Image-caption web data
⁂
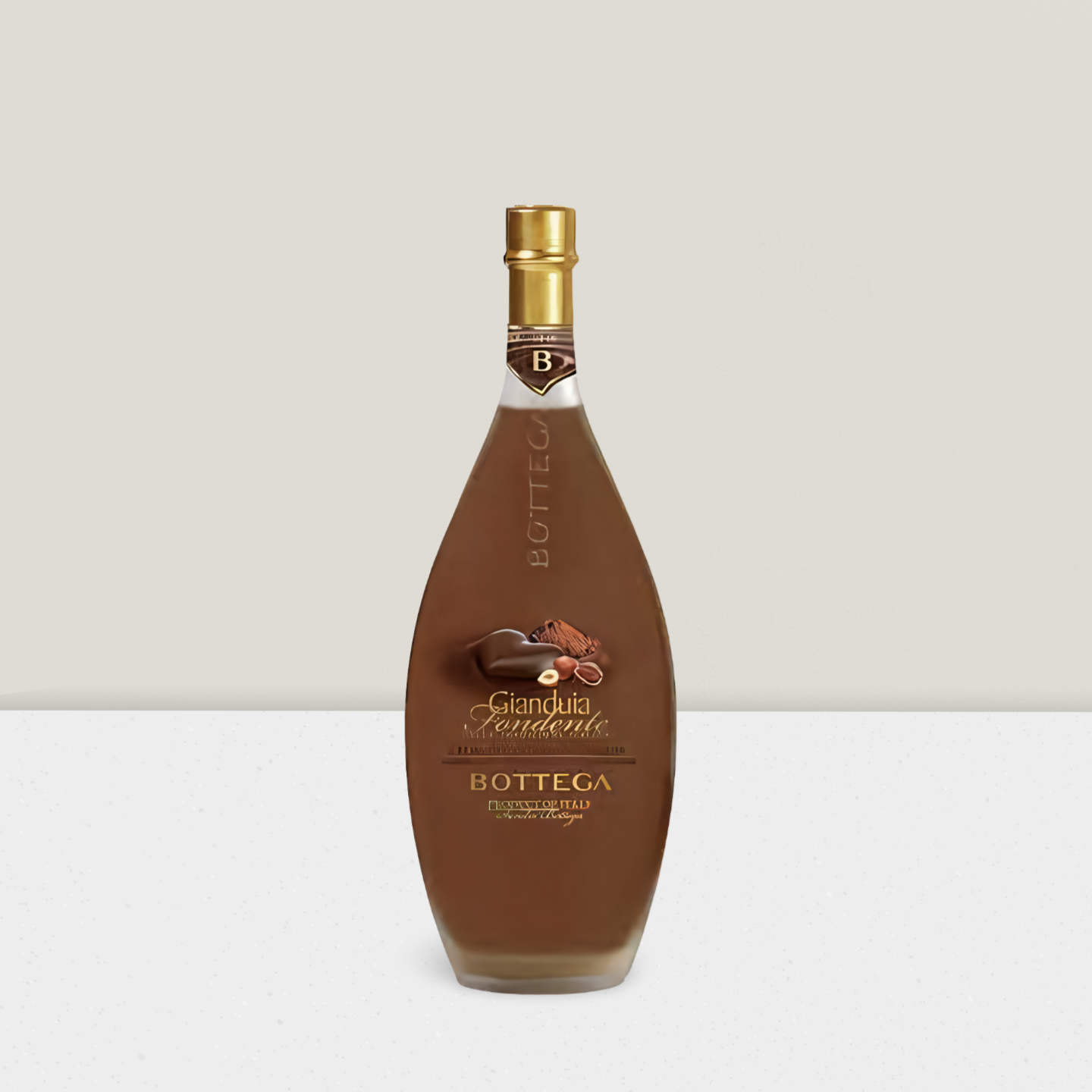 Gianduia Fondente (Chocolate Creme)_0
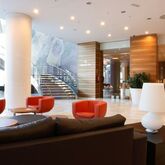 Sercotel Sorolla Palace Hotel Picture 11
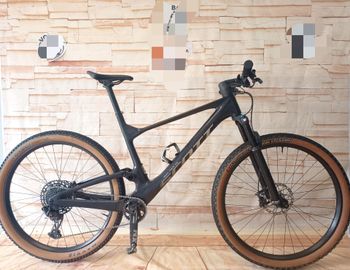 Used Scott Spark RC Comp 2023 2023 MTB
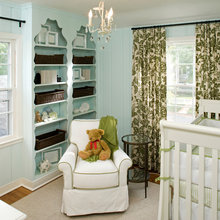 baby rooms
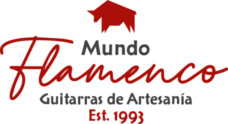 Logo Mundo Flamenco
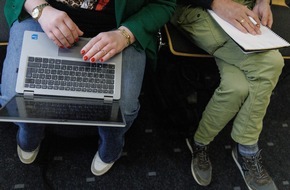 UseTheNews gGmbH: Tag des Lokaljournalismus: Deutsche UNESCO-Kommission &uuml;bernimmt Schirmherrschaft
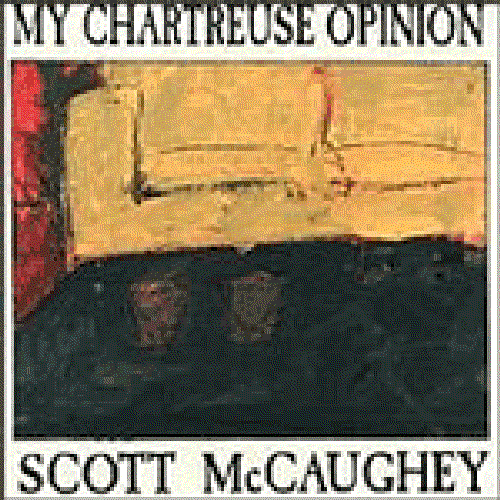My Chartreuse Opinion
⁂
> _What you are asked to do_
Only the lines from the start of the records through the line containing "UseTheNews gGmbH: Tag" should be repeated, word for word, with the pictures left out.

> _Result of this exercise_
 Gianduia Fondente (Chocolate Creme)_0
 Sercotel Sorolla Palace Hotel Picture 11
 Used Scott Spark RC Comp 2023 2023 MTB
 baby rooms
 Logo Mundo Flamenco
 UseTheNews gGmbH: Tag des Lokaljournalismus: Deutsche UNESCO-Kommission &uuml;bernimmt Schirmherrschaft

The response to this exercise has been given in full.